Что касается чуда, якобы совершенного мною в Руане, я уже объяснялся по этому поводу с Вашим святейшеством как в письмах, так и при личных встречах. Мне представляется излишним в очередной раз излагать всю историю и заявлять о моей невиновности. Я помолился за увечного мальчика, возложил на него руки и благословил его. С того дня я не видел это дитя – не видел вовсе. Я не могу свидетельствовать о том, что мальчик исцелился; весть эту не я принес Вашему святейшеству, но другие люди, бывшие в Руане после. Я ничего не могу сказать о факте исцеления, равно как и об исчезновении Клода Кезу. Для меня это такая же загадка, как и для Вашего святейшества и для тех, кто слыхал эту историю. Я полностью признаю – как признавал и раньше, с готовностью и своей волей, – что отпустил грехи аббату Верньо не только потому, что этот человек был при смерти, но и потому, что Христос велит нам прощать искренне раскаявшихся. В данном вопросе я даже перед Вами, святейший отец, не назову себя неправым.

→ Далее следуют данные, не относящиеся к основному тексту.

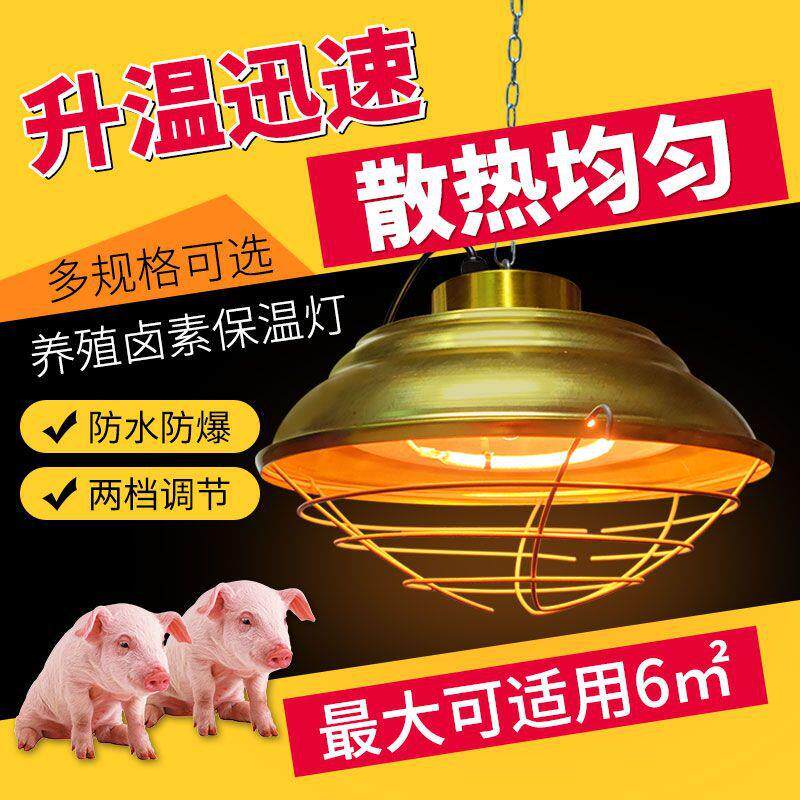 速发养殖场保温灯卤素养殖取暖灯可调温度育雏加热灯猪场防水防爆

Перейду теперь к последнему пункту требований Вашего святейшества. Вам желательно, чтобы я расстался с мальчиком, мною найденным и пригретым, по имени Мануэль, одиноким сиротой. Я никак не могу признать, что бросить друга есть христианский поступок. Мануэль слишком юн и слишком слаб; он пропадет один в жестоком мире и уж точно не сыщет любви и понимания, которые жизненно необходимы столь юному и простодушному существу. Не скрою, однако, от Вашего святейшества, что часто задаюсь вопросом, почему этот мальчик так привязался ко мне. Читая эти строки, Вы можете счесть меня глупым, но вот истина: есть в Мануэле нечто абсолютно неземное. По временам он вещает как пророк, а не как дитя, или же как Ангел, посланный предупредить мир о надвигающейся катастрофе! Не мне судить этого мальчика за его странные, дерзкие речи, обращенные к Вашему святейшеству в Ватикане; я не в состоянии ни объяснить, ни оправдать их, ибо я тогда был охвачен трепетом и страхом и пребывал в полном недоумении, как и Вы, святейший отец, и ваши конфиденты. Воистину то было нечто превыше нашего понимания.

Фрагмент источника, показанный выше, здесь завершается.